Обвела взглядом комнату и, не найдя даже намека на грязь и пыль — не на рамке свадебного портрета ее родителей, ни на сияющей полировке буфета чулана, ни на выскребенном полу, — вышла в прихожую.

Оттуда она пошла на кухню.

Она села за стол, подперла подбородок запястьями и уставилась на вершины домов, пробивающиеся сквозь голые от листьев ветви деревьев Ботанического сада.

Ранневесенний пейзаж за окном не успокоил нервы, расстроенные капитаном, который смутил ее мать.

Еще она чувствовала на кухне, где раньше с ним разговаривала, запах его духов.

Охватило ее раздражение.

— А этот надушился, старый сукин сын, — сказала она в надежде, что проклятия принесут ей временное облегчение и что хоть на минуту не придется притворяться страдалицей, с легкой улыбкой ухаживающей за больной матерью.

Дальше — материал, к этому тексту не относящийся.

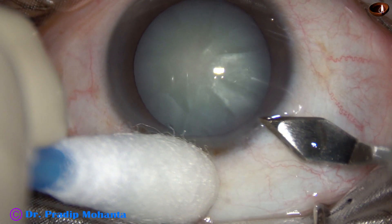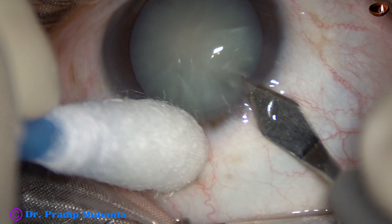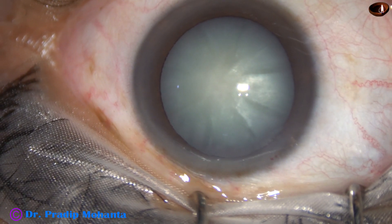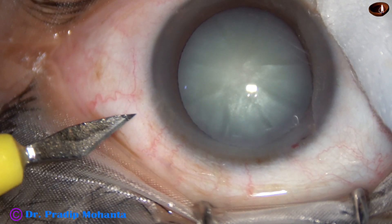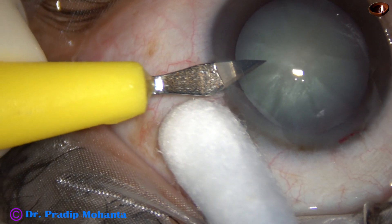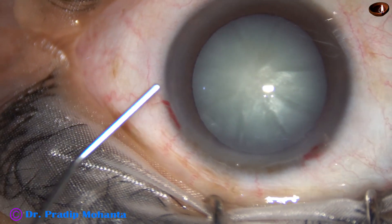This is the main incision at mid-limbus with a 2.8mm steel keratome. Now a side port is made 3 clock hours away from the main incision so that astigmatism induced by the main wound is neutralized to some extent by this side port. Width of this side port is about 1.8mm.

— Кто бы мог подумать. Старый мудак. Отвратительный, обожженный, толстый, а также надушенный.

— Старый, но ярый, — услышала она и даже подскочила от страха.

Мок преградил своим массивным телом кухонные двери.

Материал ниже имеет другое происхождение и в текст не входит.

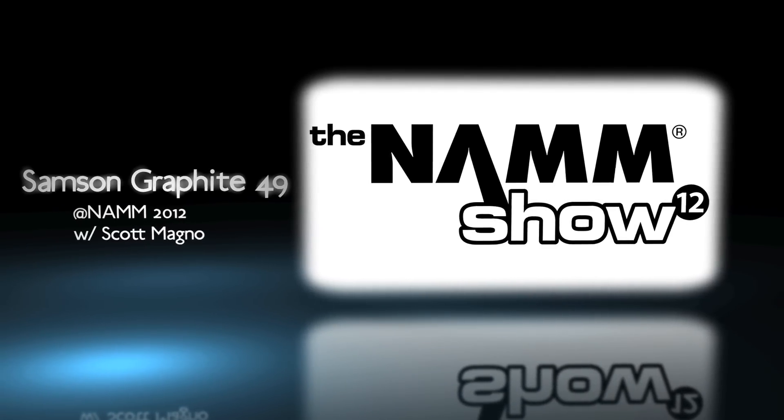What's going on? This is Scott Magno, DJ MadFlip, here with UniqueSquared.com. We are at the Winter NAMM Show 2012 at the Samson booth.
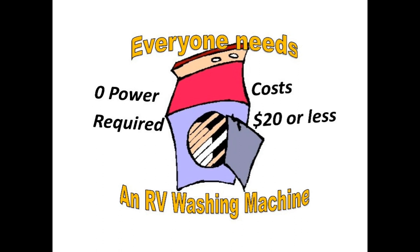As the title suggests, everyone needs an RV washing machine, and I'm going to show you how you can make one. It doesn't have to be plugged in and you can probably do it for about 20 bucks. When you see this you're going to slap your forehead and say why didn't I think of this — it is so simple.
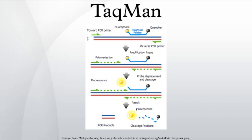TaqMan probes were named after the video game Pac-Man, as the mechanism is based on the Pac-Man principle. TaqMan probes consist of a fluorophore covalently attached to the 5' end of the oligonucleotide probe and a quencher at the 3' end. Several different fluorophores and quenchers are available. The quencher molecule quenches the fluorescence emitted by the fluorophore when excited by the cycler's light source via FRET.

— Как вы смеете! — вскрикнула она в ужасе. — Я просила вас выйти!

— А я вернулся. Забыл расческу. — Мок вошел в кухню, закрыл дверь, прислонился к ней и закурил папиросу.

— И утром не могу расчесать моей пышной прически, — говоря это, он снял шляпу и продемонстрировал редкую белую сетку, покрывающую ему голову.

Мок начал искать пепельницу.

Эльза поставила ее на стол.

— Ну, садитесь, пожалуйста, — улыбнулась пожилому мужчине. — Вы меня рассмешили. Даже кто-то такой, как вы, разнообразие в этой рутине. Можно папиросу?

— Пожалуйста. — Мок достал из папки две пары шелковых чулок и передвинул их в сторону женщины.

— Благодарю. — Эльза аккуратно сунула чулки в ящик кухонного стола, не проявляя ни малейшего удивления.